Graduate Program (& Advanced Certificate) Status
The global environment has become an arena of political and ideological contestation between states, global regions and non-state actors over the past 40 years. While nations have responded to environmental degradation by increasing cooperation through environmental regimes, underlying structural patterns having to do with the global political economy and ideology have been more difficult to address. This course, which is taught as a discussion oriented seminar, provides a broad understanding of the relationship between globalization, global political economy and environment. We examine the background discourses that inform issues related to the global political economy and the environment, and students will be able to locate their own belief systems, values and politics in relation to global environmental politics. Among the issues we engage are North-South Politics, poverty and environment, trade and environment, investment and finance and environment, ideology and environmental politics and the role of neoliberalism and reforms of the global political economy to make it more ecologically and socially sustainable.
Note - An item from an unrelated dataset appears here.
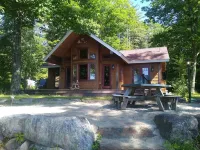 Beautiful Adirondack Cabin with Sauna on Lake Monomonac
The course has fouroverriding aims:
· Deepen students' understanding of the relationship between globalization and environment by examining key policies and processes of globalization and their interaction with the environment and environmental politics.
· Develop students' knowledge of the ideological discourses that inform global environmental politics by examining four key environmental perspectives, or world views, that underlie the positions taken by various actors in environmental debates.
· Strengthen students' ability to think analytically and critically about international environmental politics and their own environmental world views, and how these inform political preferences. We will read and discuss examples of the various world views and discourses and relate these to political objectives and policy preferences.
· Develop students' written and spoken communication skills by learning the principles of popular opinion writing and podcasting. This course is the recipient of a Teaching and Learning grant from CEU within the scope of which podcasts will be used as learning materials, and students will learn the principles of podcasting.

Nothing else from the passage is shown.